I want to show that for a unit norm weight $h > 0$ in $L^1$ with $\lVert h \rVert_1 = 1$ and a function $f \in L^{\infty}$ both defined on $\mathbb{R}^n$ that:
$$\Bigl(\int_{\mathbb{R}^n} |f|^p h\Bigl)^{1/p} \to \lVert f \rVert_{\infty} \ \text{as } p \to \infty$$
I thought of using Hölder's inequality with $q=1$ and $p=\infty$, but I have never done so with a weighted-norm.

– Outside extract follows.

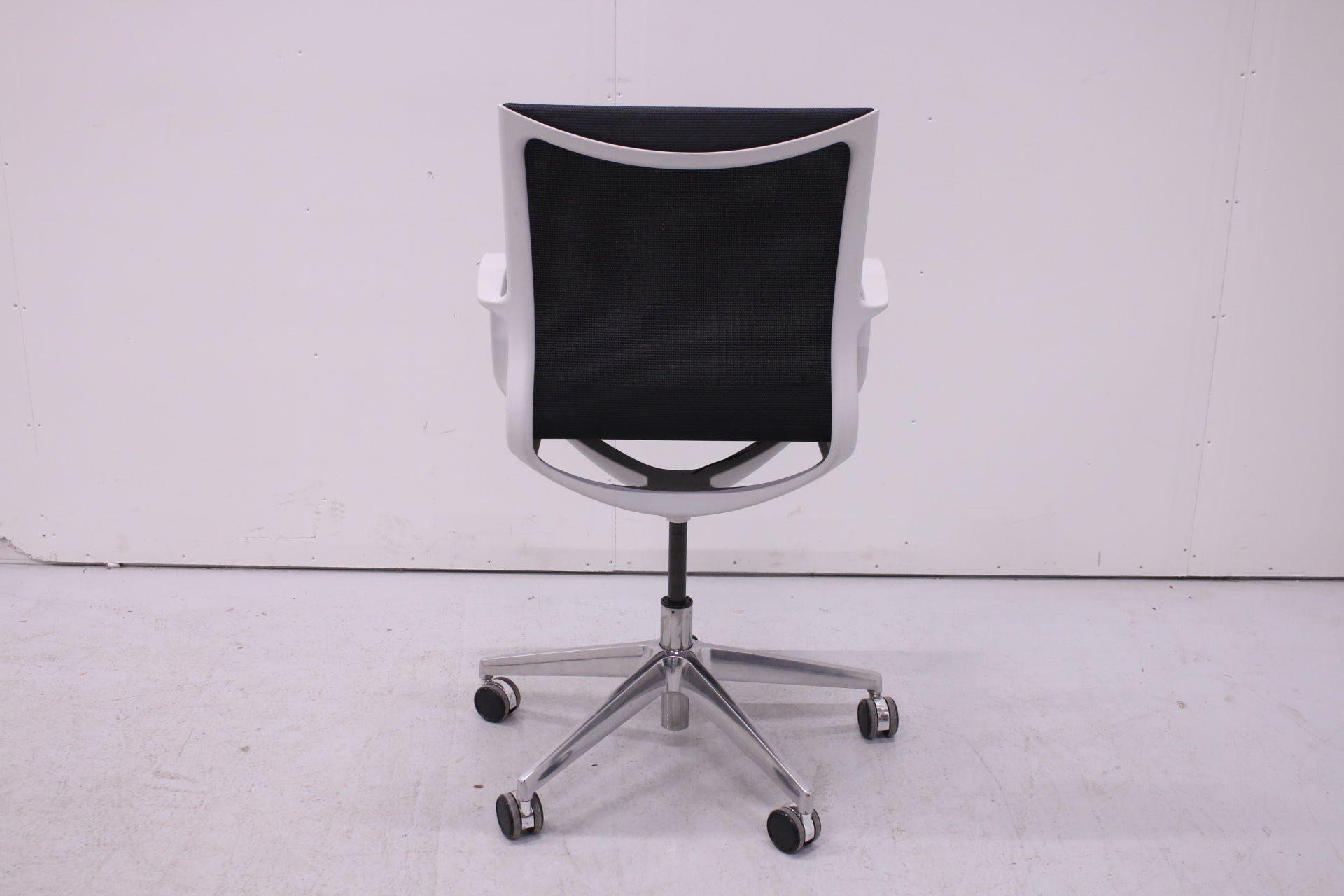 Isku Still meeting - työtuoli - Suomen Kalustekeskus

Expanding on Jochen's comment, the key insight is that if $\lambda$ is the Lebesgue measure and $h > 0$ is in $L^1(\lambda)$, then the measure $\nu$, defined by $$ \nu(E) := \int_E h \ d\lambda$$ satisfies the following the properties:
Since $\lambda$ and $\nu$ have the same null sets, we have $$\|f \|_{L^\infty(\lambda)} = \| f \|_{L^\infty(\nu)}.$$ In particular, $f \in L^{\infty}(\lambda) \iff f \in L^{\infty}(\nu)$.

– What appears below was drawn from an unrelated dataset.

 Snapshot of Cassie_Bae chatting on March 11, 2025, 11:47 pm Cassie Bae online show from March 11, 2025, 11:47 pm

Since $\nu$ is a finite measure, you can use this argument to show that $$ \lim_{p \to \infty} \| f \|_{L^p(\nu)} = \| f \|_{L^\infty(\nu)}.$$ for all $f \in L^{\infty}(\nu)$.
Now, $$\|f \|_{L^p(\nu)} = \left(\int_{\mathbb R} |f|^p h \ d\lambda\right)^{\frac 1 p},$$ by the definition of $\nu$.
Furthermore, we've already explained that any $f $ in $L^{\infty}(\lambda)$ is also in $L^{\infty}(\nu)$, and $\|f \|_{L^\infty(\nu)} = \| f \|_{L^\infty(\lambda)}$.
Thus $$ \lim_{p \to \infty} \left(\int_{\mathbb R} |f|^p h \ d\lambda\right)^{\frac 1 p} = \| f \|_{L^\infty(\lambda)}$$ for all $f \in L^\infty(\lambda)$.